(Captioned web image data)

********

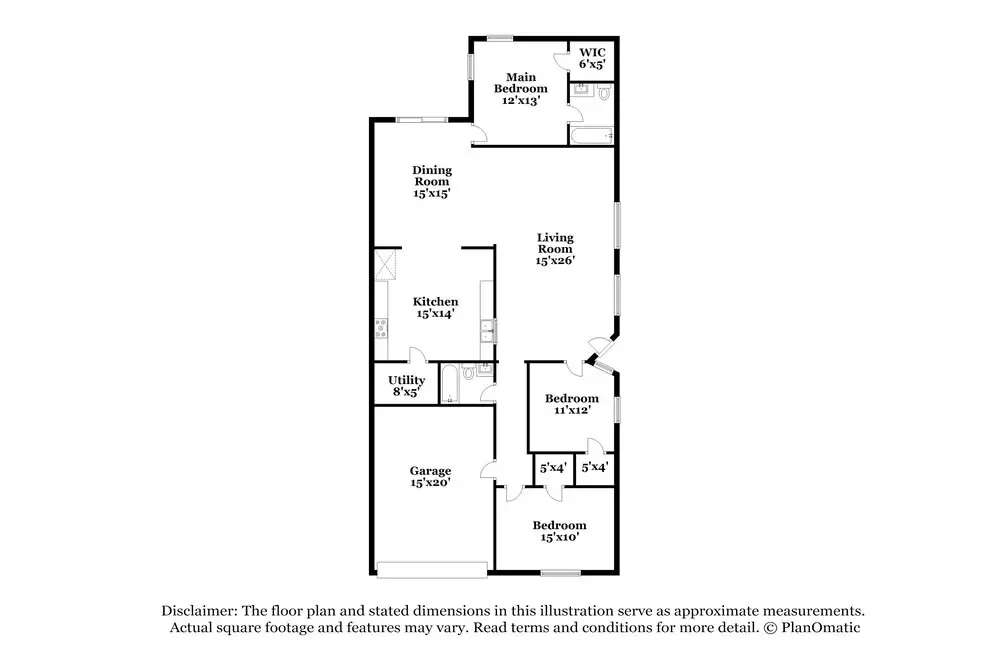 Property Image 2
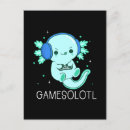 Recherche de amour gamer posters Mignon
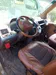 Mercedes-Benz Vito 1998-6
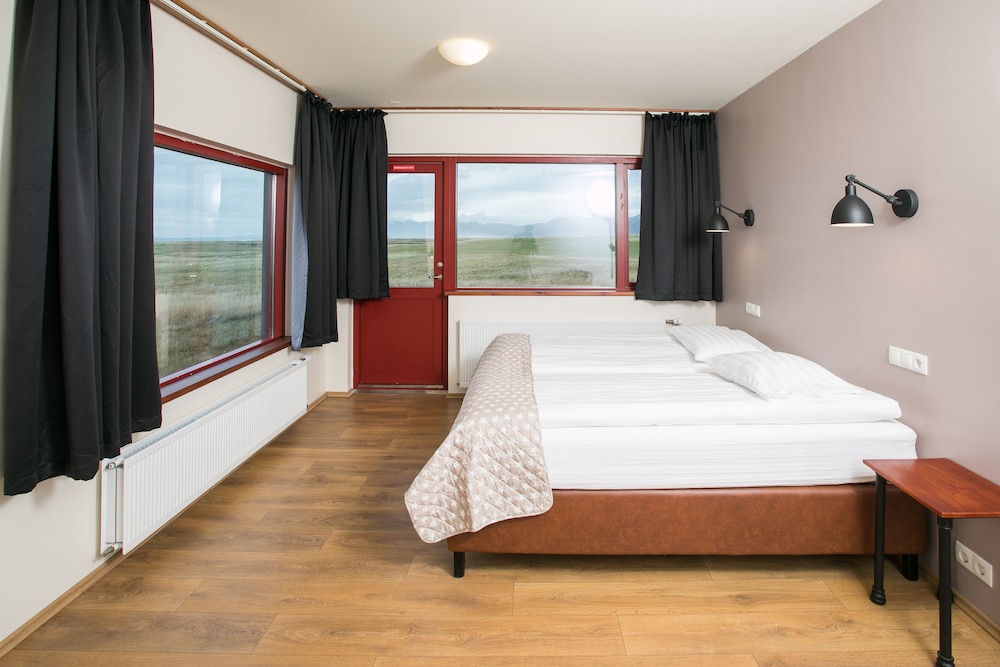Comfort Double Room (XL) photo 3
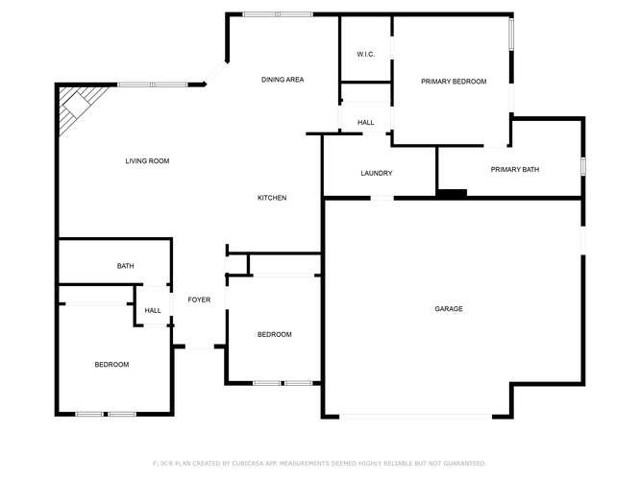 Detail Gallery Image 42 of 42 For 5540 Scottwood Rd, Paradise,  CA 95969 - 3 Beds | 2 Baths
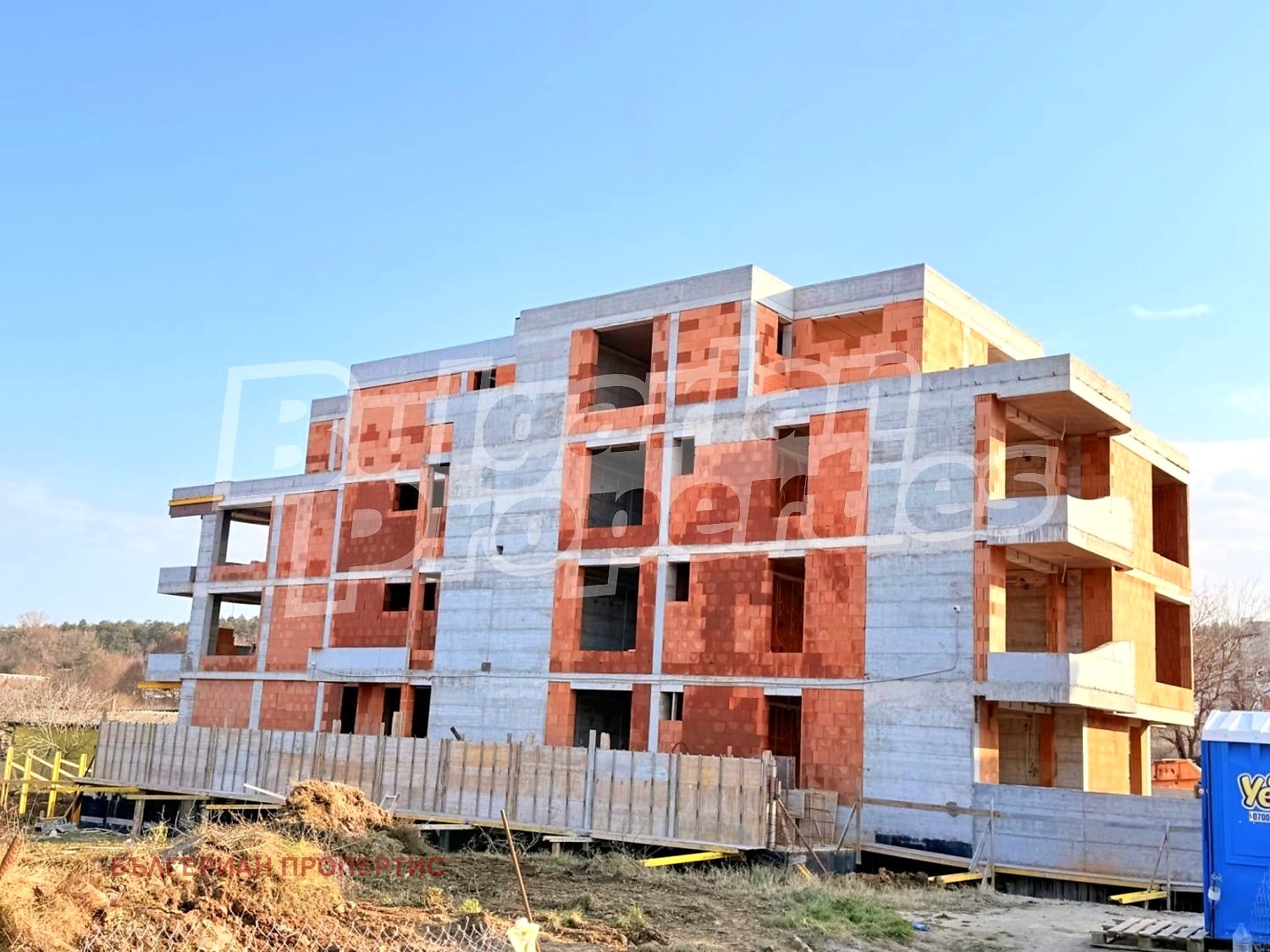 ������� 2-����� | Imot.bg � ����������� 12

********

* **Your objective**
Excluding the pictures, retype the line containing "Detail Gallery Image" and all lines after it down to the end of the data above.

* **Written reply**
 Detail Gallery Image 42 of 42 For 5540 Scottwood Rd, Paradise,  CA 95969 - 3 Beds | 2 Baths
 ������� 2-����� | Imot.bg � ����������� 12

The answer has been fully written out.